Short text fragments from websites
::::::
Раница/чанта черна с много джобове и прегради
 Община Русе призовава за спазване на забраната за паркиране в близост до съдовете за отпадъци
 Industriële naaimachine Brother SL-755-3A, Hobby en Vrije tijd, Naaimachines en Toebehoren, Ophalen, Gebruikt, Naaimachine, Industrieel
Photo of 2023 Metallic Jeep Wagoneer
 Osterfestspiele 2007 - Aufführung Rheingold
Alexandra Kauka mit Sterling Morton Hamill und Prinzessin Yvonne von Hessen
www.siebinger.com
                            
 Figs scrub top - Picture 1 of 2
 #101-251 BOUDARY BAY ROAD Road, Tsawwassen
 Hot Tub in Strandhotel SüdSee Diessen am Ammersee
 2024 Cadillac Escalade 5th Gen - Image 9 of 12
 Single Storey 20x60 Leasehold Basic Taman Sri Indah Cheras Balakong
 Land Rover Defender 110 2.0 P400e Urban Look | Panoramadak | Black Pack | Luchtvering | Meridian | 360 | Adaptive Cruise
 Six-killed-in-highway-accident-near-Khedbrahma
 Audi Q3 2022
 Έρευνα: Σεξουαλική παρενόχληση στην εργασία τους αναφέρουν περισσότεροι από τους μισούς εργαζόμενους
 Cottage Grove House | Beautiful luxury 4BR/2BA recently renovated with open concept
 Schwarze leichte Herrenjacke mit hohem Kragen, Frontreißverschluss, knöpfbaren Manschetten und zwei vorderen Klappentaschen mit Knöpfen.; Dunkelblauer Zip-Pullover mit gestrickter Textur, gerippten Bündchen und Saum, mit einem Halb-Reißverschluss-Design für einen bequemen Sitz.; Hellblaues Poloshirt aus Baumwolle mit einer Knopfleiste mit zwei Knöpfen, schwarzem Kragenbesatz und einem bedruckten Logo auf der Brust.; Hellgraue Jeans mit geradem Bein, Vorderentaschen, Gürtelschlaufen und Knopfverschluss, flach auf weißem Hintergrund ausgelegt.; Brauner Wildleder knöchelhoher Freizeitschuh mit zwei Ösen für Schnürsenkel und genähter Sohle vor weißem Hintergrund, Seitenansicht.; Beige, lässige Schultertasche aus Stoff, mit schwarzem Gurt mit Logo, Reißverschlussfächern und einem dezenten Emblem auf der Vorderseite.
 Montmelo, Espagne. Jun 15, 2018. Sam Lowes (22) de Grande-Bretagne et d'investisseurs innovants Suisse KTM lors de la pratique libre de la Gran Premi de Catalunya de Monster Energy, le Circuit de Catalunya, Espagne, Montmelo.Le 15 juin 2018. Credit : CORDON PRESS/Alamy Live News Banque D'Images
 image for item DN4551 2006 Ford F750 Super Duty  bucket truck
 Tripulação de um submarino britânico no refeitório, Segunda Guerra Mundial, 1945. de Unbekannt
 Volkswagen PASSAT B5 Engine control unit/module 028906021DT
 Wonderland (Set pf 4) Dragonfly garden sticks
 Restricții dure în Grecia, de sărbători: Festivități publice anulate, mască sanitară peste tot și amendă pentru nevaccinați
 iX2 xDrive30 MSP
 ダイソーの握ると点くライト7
::::::
Extract the lines above, from the first one through the one containing "Schwarze leichte Herrenjacke", and return only those, unchanged.

### EXERCISE RESPONSE
Раница/чанта черна с много джобове и прегради
 Община Русе призовава за спазване на забраната за паркиране в близост до съдовете за отпадъци
 Industriële naaimachine Brother SL-755-3A, Hobby en Vrije tijd, Naaimachines en Toebehoren, Ophalen, Gebruikt, Naaimachine, Industrieel
Photo of 2023 Metallic Jeep Wagoneer
 Osterfestspiele 2007 - Aufführung Rheingold
Alexandra Kauka mit Sterling Morton Hamill und Prinzessin Yvonne von Hessen
www.siebinger.com
                            
 Figs scrub top - Picture 1 of 2
 #101-251 BOUDARY BAY ROAD Road, Tsawwassen
 Hot Tub in Strandhotel SüdSee Diessen am Ammersee
 2024 Cadillac Escalade 5th Gen - Image 9 of 12
 Single Storey 20x60 Leasehold Basic Taman Sri Indah Cheras Balakong
 Land Rover Defender 110 2.0 P400e Urban Look | Panoramadak | Black Pack | Luchtvering | Meridian | 360 | Adaptive Cruise
 Six-killed-in-highway-accident-near-Khedbrahma
 Audi Q3 2022
 Έρευνα: Σεξουαλική παρενόχληση στην εργασία τους αναφέρουν περισσότεροι από τους μισούς εργαζόμενους
 Cottage Grove House | Beautiful luxury 4BR/2BA recently renovated with open concept
 Schwarze leichte Herrenjacke mit hohem Kragen, Frontreißverschluss, knöpfbaren Manschetten und zwei vorderen Klappentaschen mit Knöpfen.; Dunkelblauer Zip-Pullover mit gestrickter Textur, gerippten Bündchen und Saum, mit einem Halb-Reißverschluss-Design für einen bequemen Sitz.; Hellblaues Poloshirt aus Baumwolle mit einer Knopfleiste mit zwei Knöpfen, schwarzem Kragenbesatz und einem bedruckten Logo auf der Brust.; Hellgraue Jeans mit geradem Bein, Vorderentaschen, Gürtelschlaufen und Knopfverschluss, flach auf weißem Hintergrund ausgelegt.; Brauner Wildleder knöchelhoher Freizeitschuh mit zwei Ösen für Schnürsenkel und genähter Sohle vor weißem Hintergrund, Seitenansicht.; Beige, lässige Schultertasche aus Stoff, mit schwarzem Gurt mit Logo, Reißverschlussfächern und einem dezenten Emblem auf der Vorderseite.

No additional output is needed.